The "3 Rs" are being joined by a "C." To prepare students for a world in which an estimated 70 percent of jobs will be computer-related, teachers are stressing reading, 'riting, 'rithmetic and computing.

"But the big problem," says computer scientist Rachelle Heller, "is that parents and teachers were all born B.C. -- before computers -- and kids were all born A.C. -- after computers."

"Many teachers and parents are feeling a little intimidated by the fact that kids have a computer competency they don't share," adds fellow University of Maryland computer science instructor Dianne Martin. "Unlike today's college students who may need a computer course to graduate, most adults finished school without having access to a computer."

This split between "B.C. adults" and "A.C. kids" has given the generation gap a technological twist. As a recent Atari magazine advertisement puts it: "Are the kids getting a jump on the grown-ups? We may in a few years see . . . a generation of men and women shut off from a fundamental part of their children's lives."

To ease adults' electronic anxiety, "There's a major push underway," says Heller, "for universal computer literacy," or "everything you need to know about computers to live in our information-based society. What you need to know depends on who you are and what you do."

Teachers, says Martin, "need to feel comfortable with the computer in their classrooms so they can use it as an effective teaching tool and feel they have control of the situation. With computers in education we're seeing a new teaching relationship being established, where teacher and pupil become partners in the learning process.

"And the kids teach each other. One of the best ways to learn with computers is for two people to work together."

As mothers of school-age children, Heller and Martin are familiar with the discomfort experienced by computer-illiterate teachers. Martin is a former teacher who left the classroom in 1966 for a job with IBM. Heller, who holds a degree in chemistry, got her first job in computers after repeated rejections from companies who said they didn't hire women chemists. "When I looked for a programming job," she says, "I got one in half an hour."

The two women, both 39, met while earning their master's degrees in computer science -- and later teaching -- at the University of Maryland. Both had been asked by their children's teachers to give computer presentations at their schools and were interested in the application of computers to education.

After a trip to the 1980 National Educational Computing Conference in Virginia, "We decided teachers needed a computer-literacy primer," says Martin, "and decided to write one." Published this year, Bits 'n Bytes About Computing (Computer Science Press, 174 pages, $17.95) provides computer basics geared to teachers at all levels and is being revised for a more general audience.

In the Washington area, say Heller and Martin, about 60 percent of students have some access to computers. The goal in Montgomery County is that within four years, every high school student will have access to 120 minutes of computer time per week, every junior high student for 90 minutes and every elementary student for 50 minutes.

"That's a good model," says Heller. "But the leader is Minnesota, where they've mandated computer training for teachers."
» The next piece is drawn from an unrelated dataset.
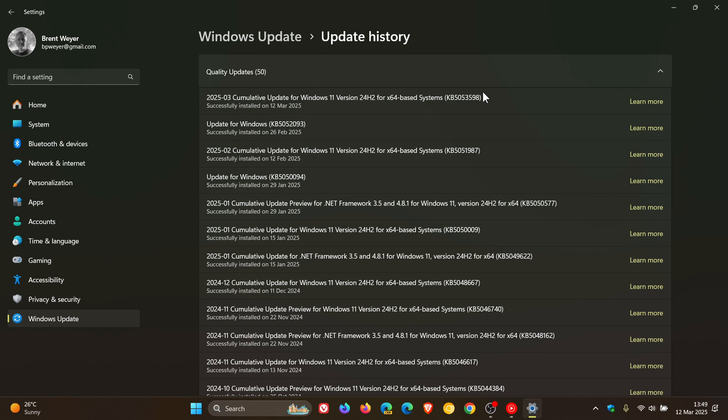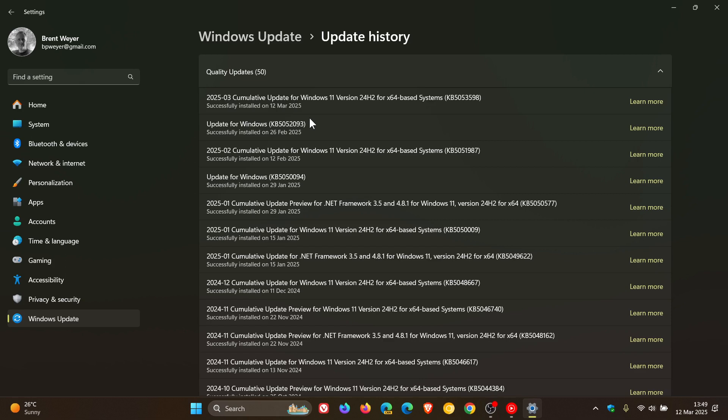Now this security update will include the improvements that were part of update KB5052093 that rolled out towards the end of last month. That included 10 new features and had fixes for audio and File Explorer issues and a lot more. I posted a whole video on that, so that will be linked down below and in the end screen once again.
Along with the booming use of computers has come a change in what it means to be computer literate. "In the past," says Martin, "having an awareness and appreciation for computers was sufficient for computer literacy. But now we're living in a society where, by the time you get to the office, you've come in contact with at least 50 computerized effects. So you need a functional knowledge of computers."

The National Science Foundation, they say, considers a person computer-literate if he or she knows:

1. How a computer works. (Reminder: It has five functional parts -- the input to enter information, the memory which stores information, the central processing unit which causes all the other parts to do their job, the arithmetic and logical unit which gets the work done and the output unit where the work is displayed.)

2. The step-by-step technique for problem-solving. While the ability to write a program isn't necessary, "You should have a basic understanding," says Heller, "of how it's done."

3. Social implications of computer use. "Equity is a big issue," says Martin. "People with access to computer power have a great edge over those who don't. There's a place in California called Computertown U.S.A. where the public has free access to computers through the libraries. Residents can even check out a kid to help them use it."

4. Computer applications. "There is hardly an area in our lives that is not affected in some way by computers."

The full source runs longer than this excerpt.